El decurión bajó la mirada y parpadeó un instante.
– Al principio nos íbamos topando con ellos continuamente, señor. Daba la impresión de que estaban por todas partes, jinetes, cuadrigas, infantería… de todo. De modo que dimos la vuelta, retrocedimos y efectuamos un rodeo durante la noche. Al cabo de un rato me di cuenta de que me había perdido y tuve que modificar el rumbo. Antes del amanecer ya estábamos de camino al oeste, señor. Tardamos un poco en divisar Calleva. Entonces vinimos lo más rápido que pudimos, señor.
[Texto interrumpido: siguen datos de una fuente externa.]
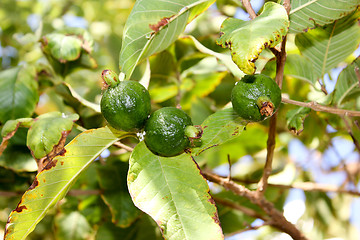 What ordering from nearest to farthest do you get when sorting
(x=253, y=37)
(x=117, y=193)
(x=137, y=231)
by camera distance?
(x=253, y=37)
(x=117, y=193)
(x=137, y=231)

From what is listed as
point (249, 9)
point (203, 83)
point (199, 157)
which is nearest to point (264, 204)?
point (199, 157)

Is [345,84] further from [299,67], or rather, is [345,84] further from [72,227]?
[72,227]

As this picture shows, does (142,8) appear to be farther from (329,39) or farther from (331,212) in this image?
(331,212)

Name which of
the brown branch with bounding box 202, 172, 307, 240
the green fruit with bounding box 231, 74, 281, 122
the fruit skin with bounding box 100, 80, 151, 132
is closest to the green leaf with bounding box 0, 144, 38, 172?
the fruit skin with bounding box 100, 80, 151, 132

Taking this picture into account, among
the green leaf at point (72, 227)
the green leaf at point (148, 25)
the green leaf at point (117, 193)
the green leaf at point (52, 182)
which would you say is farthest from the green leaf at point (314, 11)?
the green leaf at point (72, 227)

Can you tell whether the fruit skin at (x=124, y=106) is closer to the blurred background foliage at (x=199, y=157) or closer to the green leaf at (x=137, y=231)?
the blurred background foliage at (x=199, y=157)

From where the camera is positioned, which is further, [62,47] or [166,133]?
[62,47]

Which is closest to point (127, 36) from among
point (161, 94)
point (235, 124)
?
point (235, 124) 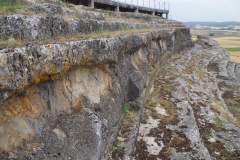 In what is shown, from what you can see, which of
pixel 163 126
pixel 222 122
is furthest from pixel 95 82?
pixel 222 122

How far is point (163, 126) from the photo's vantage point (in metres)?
9.57

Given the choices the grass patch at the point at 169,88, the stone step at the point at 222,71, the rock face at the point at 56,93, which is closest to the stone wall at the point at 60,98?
the rock face at the point at 56,93

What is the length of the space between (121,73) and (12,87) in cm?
578

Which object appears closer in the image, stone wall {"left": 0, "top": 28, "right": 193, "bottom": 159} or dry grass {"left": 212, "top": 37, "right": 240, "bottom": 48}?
stone wall {"left": 0, "top": 28, "right": 193, "bottom": 159}

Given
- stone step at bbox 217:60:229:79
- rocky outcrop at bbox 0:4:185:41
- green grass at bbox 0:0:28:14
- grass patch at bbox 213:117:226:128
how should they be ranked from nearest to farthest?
rocky outcrop at bbox 0:4:185:41 < green grass at bbox 0:0:28:14 < grass patch at bbox 213:117:226:128 < stone step at bbox 217:60:229:79

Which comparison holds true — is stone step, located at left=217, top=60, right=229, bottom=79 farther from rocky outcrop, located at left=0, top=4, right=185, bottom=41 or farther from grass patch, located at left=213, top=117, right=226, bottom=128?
rocky outcrop, located at left=0, top=4, right=185, bottom=41

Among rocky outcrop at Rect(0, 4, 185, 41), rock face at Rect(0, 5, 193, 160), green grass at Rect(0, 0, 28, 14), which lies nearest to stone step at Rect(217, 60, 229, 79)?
rock face at Rect(0, 5, 193, 160)

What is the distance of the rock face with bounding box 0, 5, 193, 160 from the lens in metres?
4.63

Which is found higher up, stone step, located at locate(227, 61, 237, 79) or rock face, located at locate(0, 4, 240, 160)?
rock face, located at locate(0, 4, 240, 160)

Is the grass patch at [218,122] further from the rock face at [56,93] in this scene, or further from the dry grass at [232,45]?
the dry grass at [232,45]

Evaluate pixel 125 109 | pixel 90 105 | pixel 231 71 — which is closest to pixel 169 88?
pixel 125 109

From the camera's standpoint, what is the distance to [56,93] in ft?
19.9

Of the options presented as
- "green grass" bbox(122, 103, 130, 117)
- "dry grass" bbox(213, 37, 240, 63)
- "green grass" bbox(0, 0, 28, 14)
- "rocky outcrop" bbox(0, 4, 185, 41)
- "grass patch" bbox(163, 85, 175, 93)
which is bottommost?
"dry grass" bbox(213, 37, 240, 63)

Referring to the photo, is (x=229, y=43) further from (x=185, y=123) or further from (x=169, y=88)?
(x=185, y=123) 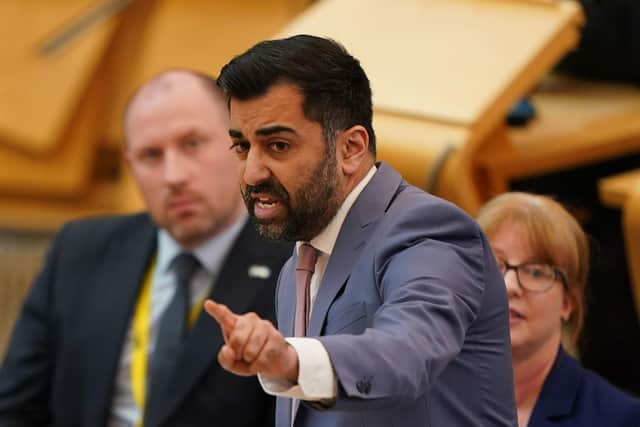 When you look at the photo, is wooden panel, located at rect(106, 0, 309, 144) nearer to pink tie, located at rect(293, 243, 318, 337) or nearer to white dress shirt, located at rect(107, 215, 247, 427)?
white dress shirt, located at rect(107, 215, 247, 427)

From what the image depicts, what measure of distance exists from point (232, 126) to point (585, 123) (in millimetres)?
1524

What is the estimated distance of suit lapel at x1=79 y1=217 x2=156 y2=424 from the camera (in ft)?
7.80

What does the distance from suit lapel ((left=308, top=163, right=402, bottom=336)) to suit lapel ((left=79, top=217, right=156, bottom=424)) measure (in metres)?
0.98

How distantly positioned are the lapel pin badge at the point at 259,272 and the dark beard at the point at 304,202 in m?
0.87

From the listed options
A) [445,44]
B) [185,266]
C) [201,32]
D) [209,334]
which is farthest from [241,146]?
[201,32]

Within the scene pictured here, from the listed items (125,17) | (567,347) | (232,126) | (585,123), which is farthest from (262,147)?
(125,17)

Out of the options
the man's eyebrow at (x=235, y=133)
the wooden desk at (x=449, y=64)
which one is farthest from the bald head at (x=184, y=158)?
the man's eyebrow at (x=235, y=133)

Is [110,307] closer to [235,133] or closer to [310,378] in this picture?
[235,133]

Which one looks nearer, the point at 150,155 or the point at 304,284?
the point at 304,284

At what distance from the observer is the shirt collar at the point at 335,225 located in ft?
4.86

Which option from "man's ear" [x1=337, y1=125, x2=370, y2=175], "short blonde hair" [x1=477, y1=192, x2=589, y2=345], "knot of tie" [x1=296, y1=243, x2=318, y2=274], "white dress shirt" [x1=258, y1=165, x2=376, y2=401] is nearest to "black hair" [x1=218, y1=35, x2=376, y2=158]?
"man's ear" [x1=337, y1=125, x2=370, y2=175]

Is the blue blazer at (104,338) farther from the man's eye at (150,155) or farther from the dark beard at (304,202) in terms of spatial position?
the dark beard at (304,202)

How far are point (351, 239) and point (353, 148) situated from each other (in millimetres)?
93

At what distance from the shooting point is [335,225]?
4.86 feet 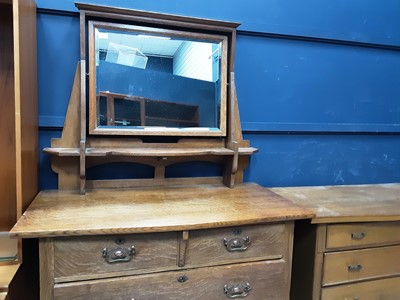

– Entiendo. -Vespasiano escudriñó la expresión del decurión buscando alguna señal de malicia. No toleraría que ningún oficial antepusiera su seguridad personal a la de sus compañeros. Cubierto de barro y al parecer agotado, el decurión se cuadró con toda la dignidad de la que fue capaz. Hubo un tenso silencio mientras Vespasiano lo miraba fijamente. Al final, dijo-: ¿Con cuántos efectivos contaban los Durotriges?
Se alegró al ver que el decurión hacía una pausa para considerar su respuesta, en vez de tratar de complacer de forma impulsiva a su legado con un cálculo apresurado.
– Dos mil… dos mil quinientos tal vez, pero no más, señor. Quizás una cuarta parte fuera infantería pesada. El resto eran tropas ligeras, algunas de ellas armadas con hondas, y había unos treinta carros de guerra. Eso es todo lo que vi, señor. Podrían haberse añadido más durante la noche.
– Lo sabremos muy pronto. -Vespasiano hizo un gesto con la cabeza para señalar la entrada de la tienda--. Tú y tus hombres podéis retiraros. Que coman y descansen.
El decurión saludó, se dio la vuelta rápidamente y se alejó del escritorio del legado. A sus espaldas, Vespasiano llamó con un grito al oficial de Estado Mayor que estaba de servicio. Al cabo de un instante uno de los tribunos subalternos, uno de los hijos menores del clan de los Camilos (mucha túnica ricamente adornada y poco cerebro) irrumpió en la tienda apartando al decurión al pasar.
– ¡Tribuno! -rugió Vespasiano. Tanto el decurión como el tribuno se estremecieron-. ¡Te agradecería que no trataras a tus compañeros oficiales con tanta descortesía!